EDIT: is it because the first argument is supposed to provide context, which in this case there isn’t any?

function list() {
  return Array.prototype.slice.call(arguments);
}

const leadingThirtySevenList = list.bind(null, 37);

console.log(leadingThirtySevenList());

Yes. If you just passed 37 then you are saying “wrap the function in another function that executes in the context of 37”, which doesn’t make a lot of sense.

Whereas with what you’ve got there, you’re saying “wrap the function in another function. I don’t care about the context, I’m not trying to execute it in any specific scope, but when it executes, pass 37 to the executed bound function”.

The three related function methods (apply, bind and call) let you borrow methods defined as properties of one object and have them execute in the scope of a different object. But often you don’t care about that. In this bind example, you just want to execute the function with an argument prefilled, that’s all, so you just tell it you don’t care about that scope option. bind takes two arguments, so you have to pass something as the first option (could be null, could be undefined, could even be 37 as well but that would be confusing to read)
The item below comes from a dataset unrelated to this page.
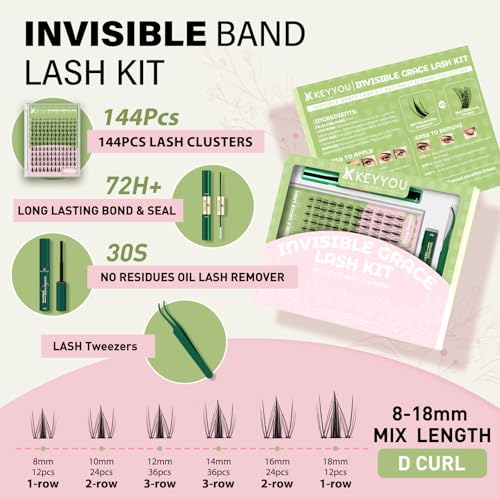 KEYYOU Fairy Lash Clusters Kit Wispy Natural Eyelash Extensions - D-8-18 Mix Variation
Edit: it’s very useful to know how these work, but note that they aren’t super useful day-to-day, there are normally better approaches nowadays (though when it turns out you do actually need them, they’re useful weapons)
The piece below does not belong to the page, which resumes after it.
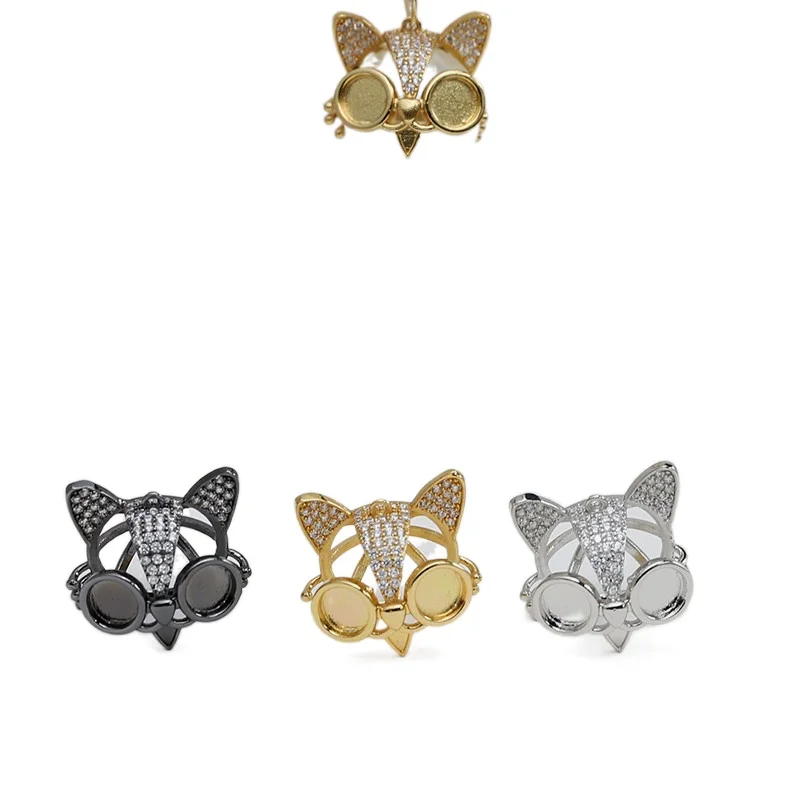 

1 piece Brass plated with genuine gold Zircon inlaid cat helmet pin DIY jewelry making Baroque Doll Accessories materials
Thank you. I’ve been trying to wrap my head around these 3 methods since this morning. I think I get the idea now. My main motivation to learn about them was a solution to this problem https://www.freecodecamp.org/learn/javascript-algorithms-and-data-structures/basic-algorithm-scripting/return-largest-numbers-in-arrays

function largestOfFour(arr) {
  return arr.map(Function.apply.bind(Math.max, null));
}

Could you please explain how this works? How is it being used without defining an element within map() the way we normally do, for example map(a => a + 2)? I would really appreciate it if you could break this down for me like you did in the previous reply, that was very helpful.
P.S my solution was this

function largestOfFour(arr) {
  return arr.map(a => Math.max(...a))
} 

So here I had to define a, that’s why the solution using apply() and bind() is that much more confusing to me

The callback is implicitly passed the arguments.

const numbers = [1, 2, 3, 4, 5];

function multiply(number, index, originalArray) {
  console.log(index);
  console.log(originalArray);
  return number * 2;
}

const doubled = numbers.map(multiply)

console.log(doubled); // [ 2, 4, 6, 8, 10 ]

function largestOfFour(arr) {
  const boundFn = Function.apply.bind(Math.max, null)
  return arr.map(boundFn);
}

I think I’m kind of getting it, but could you tell me why this does not work?

function largestOfFour(arr) {
  return arr.map(Math.max.apply(null, ...arr));
}

Both call and apply calls the function, bind returns a new bound function (it doesn’t call it).


You pass the callback function to map, you do not invoke it.

arr.map(fn) and not arr.map(fn())

Is there a way to invoke it without using bind()?
Nmv, figured it out xD

function largestOfFour(arr) {
  return arr.map(a => Math.max.apply(null, a))
}

map invokes the callback, not you.

It loops the array and calls the function it was passed, passing it the element, index, and original array as arguments.

The function you passed to map in the example code is not invoked. It is an anonymous function definition that when called by map will call the inner function (which is invoked).